NBAA Convention News

Race to Supersonic Bizjets Is Picking Up Speed

 - October 17, 2018, 12:42 PM
Aerion AS2

Seventy-one years ago last Sunday, Chuck Yeager strapped on a hand-modified leather football helmet and strapped into his Bell X1, which he flew faster than sound for the first time. While honoring the past, this year’s NBAA-BACE has been abuzz with talk about the future of a supersonic business jet—and maybe more. While there are a few contenders working to bring an SSBJ to market, Aerion with its AS2 has the floor to itself here in Orlando, and has taken advantage of the biggest stage in business aviation to tell its story.

The big news is the engine. Partner GE Aviation has stepped up with a program to design and build its Affinity line—the first purpose-built civil supersonic engine platform in 55 years. Built around the same GE core found on the CFM56 (GE designed it as part of a consortium with Safran), the Affinity will be optimized for efficiency in both subsonic and supersonic flight.

It will be the highest-bypass supersonic engine ever, according to GE. Though that will penalize supersonic range, the new engine will meet Stage 5 noise limits and comply with international emissions standards. “The AS2 will be welcome around the world,” said Aerion v-p of marketing and communications Jeff Miller.
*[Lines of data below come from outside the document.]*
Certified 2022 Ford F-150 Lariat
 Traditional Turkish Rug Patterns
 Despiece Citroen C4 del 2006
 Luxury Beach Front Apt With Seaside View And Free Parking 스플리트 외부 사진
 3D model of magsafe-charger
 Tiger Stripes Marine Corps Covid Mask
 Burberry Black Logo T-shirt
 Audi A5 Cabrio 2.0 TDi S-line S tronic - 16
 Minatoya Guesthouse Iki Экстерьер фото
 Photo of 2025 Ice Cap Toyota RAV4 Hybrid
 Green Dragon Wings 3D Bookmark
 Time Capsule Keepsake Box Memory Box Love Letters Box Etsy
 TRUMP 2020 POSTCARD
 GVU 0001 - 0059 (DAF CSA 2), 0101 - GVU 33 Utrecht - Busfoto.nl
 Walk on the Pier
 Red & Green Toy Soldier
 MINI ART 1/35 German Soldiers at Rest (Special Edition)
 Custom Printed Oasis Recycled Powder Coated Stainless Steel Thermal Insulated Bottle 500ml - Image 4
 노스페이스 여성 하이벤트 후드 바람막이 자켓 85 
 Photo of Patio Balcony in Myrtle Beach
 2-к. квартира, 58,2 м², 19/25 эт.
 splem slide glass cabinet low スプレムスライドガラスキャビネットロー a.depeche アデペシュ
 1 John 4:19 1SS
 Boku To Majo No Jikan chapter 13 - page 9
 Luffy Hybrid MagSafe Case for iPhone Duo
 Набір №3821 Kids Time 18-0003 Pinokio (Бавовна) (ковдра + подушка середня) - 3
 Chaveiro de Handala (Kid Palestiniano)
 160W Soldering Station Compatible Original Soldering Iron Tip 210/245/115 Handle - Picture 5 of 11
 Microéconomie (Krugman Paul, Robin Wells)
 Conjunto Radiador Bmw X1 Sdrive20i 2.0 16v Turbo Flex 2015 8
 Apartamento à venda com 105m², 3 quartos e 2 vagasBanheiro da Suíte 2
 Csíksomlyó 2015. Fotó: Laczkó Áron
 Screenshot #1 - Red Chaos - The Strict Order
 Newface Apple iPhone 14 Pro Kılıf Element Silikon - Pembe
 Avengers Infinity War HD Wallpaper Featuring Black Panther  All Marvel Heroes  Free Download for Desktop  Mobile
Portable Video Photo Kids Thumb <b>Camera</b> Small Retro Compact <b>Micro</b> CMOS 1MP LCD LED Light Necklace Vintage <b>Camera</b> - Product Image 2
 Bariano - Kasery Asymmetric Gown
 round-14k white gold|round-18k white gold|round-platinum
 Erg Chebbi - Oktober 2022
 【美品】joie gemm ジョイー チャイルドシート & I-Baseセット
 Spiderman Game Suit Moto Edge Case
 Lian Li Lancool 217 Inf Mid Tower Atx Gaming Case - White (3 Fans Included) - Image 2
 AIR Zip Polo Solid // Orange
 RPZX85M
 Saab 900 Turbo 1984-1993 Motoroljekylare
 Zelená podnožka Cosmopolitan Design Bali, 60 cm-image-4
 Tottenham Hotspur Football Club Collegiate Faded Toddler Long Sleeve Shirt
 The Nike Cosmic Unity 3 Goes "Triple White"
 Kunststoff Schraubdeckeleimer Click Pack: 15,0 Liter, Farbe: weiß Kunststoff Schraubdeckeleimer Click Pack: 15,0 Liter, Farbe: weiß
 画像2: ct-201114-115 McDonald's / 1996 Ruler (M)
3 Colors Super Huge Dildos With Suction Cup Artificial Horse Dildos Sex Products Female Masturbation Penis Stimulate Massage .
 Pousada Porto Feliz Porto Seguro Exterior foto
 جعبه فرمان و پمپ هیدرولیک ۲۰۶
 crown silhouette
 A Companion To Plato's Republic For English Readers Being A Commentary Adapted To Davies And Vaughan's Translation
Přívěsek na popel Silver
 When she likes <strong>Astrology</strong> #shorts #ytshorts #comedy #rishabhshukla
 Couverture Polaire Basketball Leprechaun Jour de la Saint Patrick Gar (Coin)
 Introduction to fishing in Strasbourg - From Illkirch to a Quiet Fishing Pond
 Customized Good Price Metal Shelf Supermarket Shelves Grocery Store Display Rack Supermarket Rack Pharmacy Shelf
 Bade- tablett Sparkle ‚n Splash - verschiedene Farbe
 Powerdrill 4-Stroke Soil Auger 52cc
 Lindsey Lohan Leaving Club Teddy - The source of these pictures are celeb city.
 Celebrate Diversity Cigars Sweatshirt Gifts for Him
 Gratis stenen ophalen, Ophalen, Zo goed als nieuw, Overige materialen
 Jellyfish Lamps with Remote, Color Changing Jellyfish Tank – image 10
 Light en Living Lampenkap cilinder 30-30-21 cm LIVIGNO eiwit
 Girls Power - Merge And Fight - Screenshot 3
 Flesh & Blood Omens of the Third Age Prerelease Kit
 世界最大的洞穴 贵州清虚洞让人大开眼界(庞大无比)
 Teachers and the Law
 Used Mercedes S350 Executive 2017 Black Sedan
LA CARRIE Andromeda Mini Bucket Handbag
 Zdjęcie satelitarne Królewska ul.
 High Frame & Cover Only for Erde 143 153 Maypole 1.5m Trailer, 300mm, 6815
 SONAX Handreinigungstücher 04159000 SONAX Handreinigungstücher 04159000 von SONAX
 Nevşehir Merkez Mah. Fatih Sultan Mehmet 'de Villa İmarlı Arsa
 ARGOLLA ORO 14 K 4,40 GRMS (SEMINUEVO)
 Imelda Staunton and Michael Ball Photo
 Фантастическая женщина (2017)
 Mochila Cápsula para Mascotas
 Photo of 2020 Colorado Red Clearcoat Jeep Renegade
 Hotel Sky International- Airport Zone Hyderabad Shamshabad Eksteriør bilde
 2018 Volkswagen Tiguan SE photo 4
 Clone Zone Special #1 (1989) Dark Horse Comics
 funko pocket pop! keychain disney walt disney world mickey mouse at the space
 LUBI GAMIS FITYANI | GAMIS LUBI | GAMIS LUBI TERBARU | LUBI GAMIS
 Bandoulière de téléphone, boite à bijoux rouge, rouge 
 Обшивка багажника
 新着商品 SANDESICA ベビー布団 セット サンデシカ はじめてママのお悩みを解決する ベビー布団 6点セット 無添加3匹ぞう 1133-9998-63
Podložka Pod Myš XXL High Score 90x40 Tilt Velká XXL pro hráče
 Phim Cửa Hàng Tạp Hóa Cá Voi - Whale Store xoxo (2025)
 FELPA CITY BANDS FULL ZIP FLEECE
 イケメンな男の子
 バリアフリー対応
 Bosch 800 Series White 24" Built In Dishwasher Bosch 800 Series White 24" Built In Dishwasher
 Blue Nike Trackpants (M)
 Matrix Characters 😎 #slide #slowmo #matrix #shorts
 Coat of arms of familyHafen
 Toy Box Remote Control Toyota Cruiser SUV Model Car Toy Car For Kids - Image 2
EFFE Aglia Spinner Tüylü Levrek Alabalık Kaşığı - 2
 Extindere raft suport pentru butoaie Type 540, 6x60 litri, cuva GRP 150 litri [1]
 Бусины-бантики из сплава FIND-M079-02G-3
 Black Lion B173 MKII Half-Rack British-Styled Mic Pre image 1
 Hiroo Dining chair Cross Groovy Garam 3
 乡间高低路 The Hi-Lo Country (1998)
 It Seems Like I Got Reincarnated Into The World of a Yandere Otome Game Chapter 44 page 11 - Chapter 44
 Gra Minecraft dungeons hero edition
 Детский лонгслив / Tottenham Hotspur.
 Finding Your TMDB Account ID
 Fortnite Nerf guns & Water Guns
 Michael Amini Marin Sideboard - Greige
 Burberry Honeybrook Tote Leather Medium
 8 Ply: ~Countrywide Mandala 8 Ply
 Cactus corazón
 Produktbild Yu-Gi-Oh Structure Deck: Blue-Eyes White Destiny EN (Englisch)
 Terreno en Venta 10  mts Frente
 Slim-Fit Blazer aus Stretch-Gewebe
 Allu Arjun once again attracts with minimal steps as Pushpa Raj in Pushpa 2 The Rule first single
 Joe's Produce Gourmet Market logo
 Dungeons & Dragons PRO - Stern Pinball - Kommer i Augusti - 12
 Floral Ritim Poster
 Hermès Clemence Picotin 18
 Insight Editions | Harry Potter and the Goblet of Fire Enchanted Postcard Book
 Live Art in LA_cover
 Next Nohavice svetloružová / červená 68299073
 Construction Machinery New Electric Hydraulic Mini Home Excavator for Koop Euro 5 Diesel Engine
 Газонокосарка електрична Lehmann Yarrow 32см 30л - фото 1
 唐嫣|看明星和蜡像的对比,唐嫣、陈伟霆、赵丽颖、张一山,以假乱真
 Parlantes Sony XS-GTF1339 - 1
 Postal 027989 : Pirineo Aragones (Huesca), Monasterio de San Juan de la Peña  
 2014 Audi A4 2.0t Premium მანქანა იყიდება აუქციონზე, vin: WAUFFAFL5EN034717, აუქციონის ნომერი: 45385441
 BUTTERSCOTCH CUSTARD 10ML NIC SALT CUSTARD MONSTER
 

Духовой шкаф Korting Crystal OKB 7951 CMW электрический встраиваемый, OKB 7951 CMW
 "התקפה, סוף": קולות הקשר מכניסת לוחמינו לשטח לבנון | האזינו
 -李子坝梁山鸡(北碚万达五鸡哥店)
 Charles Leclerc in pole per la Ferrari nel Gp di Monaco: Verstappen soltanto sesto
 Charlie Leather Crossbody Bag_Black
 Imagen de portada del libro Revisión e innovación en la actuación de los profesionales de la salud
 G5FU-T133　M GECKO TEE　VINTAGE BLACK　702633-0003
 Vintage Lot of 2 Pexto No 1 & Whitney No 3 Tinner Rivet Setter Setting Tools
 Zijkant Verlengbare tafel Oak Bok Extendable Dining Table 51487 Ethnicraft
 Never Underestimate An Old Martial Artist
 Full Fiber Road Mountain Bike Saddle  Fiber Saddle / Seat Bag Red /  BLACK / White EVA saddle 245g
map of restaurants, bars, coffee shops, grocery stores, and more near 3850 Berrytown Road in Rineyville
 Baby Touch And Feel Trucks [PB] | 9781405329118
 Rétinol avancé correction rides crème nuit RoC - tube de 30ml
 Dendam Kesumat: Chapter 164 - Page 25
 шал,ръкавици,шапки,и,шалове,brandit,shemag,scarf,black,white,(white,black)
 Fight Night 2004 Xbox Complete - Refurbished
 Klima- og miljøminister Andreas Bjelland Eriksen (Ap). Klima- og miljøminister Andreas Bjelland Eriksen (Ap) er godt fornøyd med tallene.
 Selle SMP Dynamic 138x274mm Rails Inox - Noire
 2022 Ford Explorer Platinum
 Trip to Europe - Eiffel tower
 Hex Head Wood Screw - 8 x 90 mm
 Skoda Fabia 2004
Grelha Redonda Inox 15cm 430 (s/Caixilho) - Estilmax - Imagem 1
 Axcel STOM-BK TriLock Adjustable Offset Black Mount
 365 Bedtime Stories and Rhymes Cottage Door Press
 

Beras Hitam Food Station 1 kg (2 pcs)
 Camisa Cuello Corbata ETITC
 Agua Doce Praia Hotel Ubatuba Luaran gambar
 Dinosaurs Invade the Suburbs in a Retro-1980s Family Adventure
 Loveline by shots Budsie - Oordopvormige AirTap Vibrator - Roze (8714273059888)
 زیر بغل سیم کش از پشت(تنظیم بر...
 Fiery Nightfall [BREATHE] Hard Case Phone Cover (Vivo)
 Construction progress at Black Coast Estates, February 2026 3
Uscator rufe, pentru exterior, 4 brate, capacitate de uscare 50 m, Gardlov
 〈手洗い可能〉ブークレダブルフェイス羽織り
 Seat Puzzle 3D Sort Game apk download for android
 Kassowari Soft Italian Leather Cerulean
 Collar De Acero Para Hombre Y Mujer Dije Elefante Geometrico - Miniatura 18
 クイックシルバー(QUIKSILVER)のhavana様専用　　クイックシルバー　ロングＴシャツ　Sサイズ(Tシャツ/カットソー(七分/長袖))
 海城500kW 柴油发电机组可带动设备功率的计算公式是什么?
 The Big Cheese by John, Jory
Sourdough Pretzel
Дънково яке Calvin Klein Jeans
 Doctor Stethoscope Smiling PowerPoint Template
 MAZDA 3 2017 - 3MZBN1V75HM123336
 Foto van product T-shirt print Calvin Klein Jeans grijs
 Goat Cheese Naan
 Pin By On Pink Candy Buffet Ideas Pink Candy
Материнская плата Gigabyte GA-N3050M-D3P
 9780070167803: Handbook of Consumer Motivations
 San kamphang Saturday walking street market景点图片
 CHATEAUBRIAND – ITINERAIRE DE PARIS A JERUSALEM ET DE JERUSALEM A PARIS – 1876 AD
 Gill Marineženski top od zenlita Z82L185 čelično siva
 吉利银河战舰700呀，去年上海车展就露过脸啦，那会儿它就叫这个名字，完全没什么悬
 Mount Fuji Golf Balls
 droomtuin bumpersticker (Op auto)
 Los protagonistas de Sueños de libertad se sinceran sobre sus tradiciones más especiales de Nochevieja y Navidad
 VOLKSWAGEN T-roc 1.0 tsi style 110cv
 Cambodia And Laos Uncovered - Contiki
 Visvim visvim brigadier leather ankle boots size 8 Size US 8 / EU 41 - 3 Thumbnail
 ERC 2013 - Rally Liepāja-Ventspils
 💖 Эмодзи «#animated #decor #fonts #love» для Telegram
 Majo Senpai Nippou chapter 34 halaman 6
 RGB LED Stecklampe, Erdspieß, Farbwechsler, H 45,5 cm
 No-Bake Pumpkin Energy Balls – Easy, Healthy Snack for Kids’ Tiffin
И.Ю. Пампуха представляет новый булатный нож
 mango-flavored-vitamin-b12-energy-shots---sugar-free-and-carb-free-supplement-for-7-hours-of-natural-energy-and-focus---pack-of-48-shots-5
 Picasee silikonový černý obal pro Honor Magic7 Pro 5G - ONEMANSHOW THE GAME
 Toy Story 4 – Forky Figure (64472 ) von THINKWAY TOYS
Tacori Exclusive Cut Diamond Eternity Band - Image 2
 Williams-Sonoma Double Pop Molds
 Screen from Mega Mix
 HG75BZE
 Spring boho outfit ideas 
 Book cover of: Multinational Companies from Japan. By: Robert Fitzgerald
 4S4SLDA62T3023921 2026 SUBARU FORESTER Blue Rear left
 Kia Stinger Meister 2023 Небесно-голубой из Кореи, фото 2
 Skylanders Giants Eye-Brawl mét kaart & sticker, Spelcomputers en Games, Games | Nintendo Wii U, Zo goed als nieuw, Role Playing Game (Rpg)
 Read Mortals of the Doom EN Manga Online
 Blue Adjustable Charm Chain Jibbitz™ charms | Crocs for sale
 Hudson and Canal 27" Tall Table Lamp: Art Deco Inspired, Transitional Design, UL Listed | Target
Arguably even bigger news is that Aerion envisions larger and faster follow-on aircraft, though those plans are in very early stages, starting with assessing market needs. The AS2 is a two-zone cabin, and he said that’s as far as Aerion can go with the power it has available.

Larger, faster versions would have to wait for further engine development, said Miller. Aerion envisions a future AS3 with a three-zone cabin, with ultimate plans for a possible airliner-size version. The middle-tier aircraft could fall into an all-first-class airliner configuration. He pointed out that the economics of an airliner are significantly different from those of a business jet: “[Airlines] have to make money.”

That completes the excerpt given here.